· What is tenancy in common?
Tenancy-in-common is ownership of property between two or more people. Each of the owners owns a percentage of the property, called an undivided interest. An undivided interest means that each tenant in common owns a part of the property but there is no way to identify which part he or she owns.
All the owners of tenancy-in-common property have the right to use and possess the property during their lives, no matter what percentage each person owns. Unless some other agreement is reached, tenants in common may give away or sell their interest in the property. Typically, in dealing with their property, tenants in common are very much like sole owners.
They may also leave their interest in the property to anyone they choose at their death.
· Does tenancy in common have a right of survivorship feature?
No. Property owned by tenants in common does not automatically pass to the surviving owners. If you and your two siblings own a cabin in the mountains as tenants in common, you would have legal title to an undivided one-third of the cabin. Not only are you free to dispose of your interest in the cabin as you determine during your lifetime; you are also free to pass your interest at your death to your beneficiaries under your will or trust or by intestacy if you have no formal estate plan.
· What are some of the advantages of owning property as tenants in common?
Much like a sole owner, a tenant in common is considered to be in control of his or her share of the property. Each tenant has the freedom to give away or sell his or her interest in the property and to leave it to whomever he or she chooses at death.
Tenancy-in-common interests receive a step-up in cost basis for tax purposes. For example, if two tenants in common own a parcel of real estate and one dies, the decedent’s interest in the property will receive a step-up in basis but the surviving tenant’s interest will not.
· What are some disadvantages of owning property as tenants in common?
Property that is held by tenants in common may be subject to both living and death probates if an owner becomes disabled or dies. This can create unnecessary expenses and delays. The public nature of the probate process may also cause problems for the owner or for the person who ultimately inherits the property.
In addition, since a tenancy-in-common interest is freely transferable, an owner might, involuntarily, become a tenant in common with someone other than the original co-owner of the property. The co-tenants may not be able to agree regarding the management or sale of the property, creating legal battlefields over control issues.
· Is tenancy in common better than joint tenancy with right of survivorship?
In many respects, tenancy in common is superior to joint tenancy as a form of property ownership. Not only can you control to whom the property will pass at your death, but you can utilize estate tax planning strategies unavailable with joint tenancy property. The major pitfall with tenancy in common is that, as with individual ownership, the property may be subject to the probate process.
· When would you recommend that couples own property as tenants in common?

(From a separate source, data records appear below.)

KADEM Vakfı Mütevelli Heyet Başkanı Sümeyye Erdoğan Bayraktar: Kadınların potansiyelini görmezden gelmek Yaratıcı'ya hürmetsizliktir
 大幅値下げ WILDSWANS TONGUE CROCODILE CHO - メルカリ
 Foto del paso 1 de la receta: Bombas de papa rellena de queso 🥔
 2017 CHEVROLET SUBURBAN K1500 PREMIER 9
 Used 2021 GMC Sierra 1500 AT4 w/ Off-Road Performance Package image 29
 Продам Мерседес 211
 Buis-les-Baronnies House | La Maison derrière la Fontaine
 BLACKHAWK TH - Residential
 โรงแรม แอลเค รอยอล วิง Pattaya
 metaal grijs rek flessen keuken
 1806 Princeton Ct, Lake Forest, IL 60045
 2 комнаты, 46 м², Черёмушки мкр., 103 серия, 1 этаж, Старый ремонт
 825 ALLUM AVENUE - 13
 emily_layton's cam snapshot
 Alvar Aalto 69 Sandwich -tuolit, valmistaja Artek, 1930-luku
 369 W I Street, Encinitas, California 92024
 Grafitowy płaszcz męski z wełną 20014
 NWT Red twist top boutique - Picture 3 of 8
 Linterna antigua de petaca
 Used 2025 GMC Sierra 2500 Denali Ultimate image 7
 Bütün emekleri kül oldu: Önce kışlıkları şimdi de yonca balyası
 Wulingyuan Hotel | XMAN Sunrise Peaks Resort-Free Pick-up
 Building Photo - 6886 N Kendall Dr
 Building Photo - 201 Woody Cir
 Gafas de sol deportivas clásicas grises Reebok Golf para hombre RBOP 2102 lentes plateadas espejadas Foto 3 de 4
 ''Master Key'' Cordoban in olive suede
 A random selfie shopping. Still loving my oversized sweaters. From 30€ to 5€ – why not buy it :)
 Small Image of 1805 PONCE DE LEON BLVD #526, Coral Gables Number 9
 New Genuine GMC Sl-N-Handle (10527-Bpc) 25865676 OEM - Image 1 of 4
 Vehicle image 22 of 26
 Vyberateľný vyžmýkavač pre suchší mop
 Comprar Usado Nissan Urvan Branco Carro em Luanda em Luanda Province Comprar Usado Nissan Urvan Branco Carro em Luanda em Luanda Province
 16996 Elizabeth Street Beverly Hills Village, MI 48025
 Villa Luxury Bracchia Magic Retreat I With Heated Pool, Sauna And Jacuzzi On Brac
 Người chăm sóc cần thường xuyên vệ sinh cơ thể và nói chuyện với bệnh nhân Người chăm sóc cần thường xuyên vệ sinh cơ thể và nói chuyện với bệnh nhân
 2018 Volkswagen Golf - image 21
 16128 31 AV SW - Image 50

A married couple often will have one or two assets which are very valuable and which make up the bulk of their combined estate. They may be uncomfortable assigning sole ownership of the assets to one spouse or the other. In this situation, it may make sense because of estate tax planning considerations to have each of them own an undivided one-half of the property as tenants in common. This solution meets the need to allocate assets to each of them for estate tax purposes and allows them to continue as co-owners of the property.
For unmarried persons, holding their property as tenants in common rather than as joint tenants ensures that the property will pass to an owner’s intended heirs rather than to the remaining co-owners.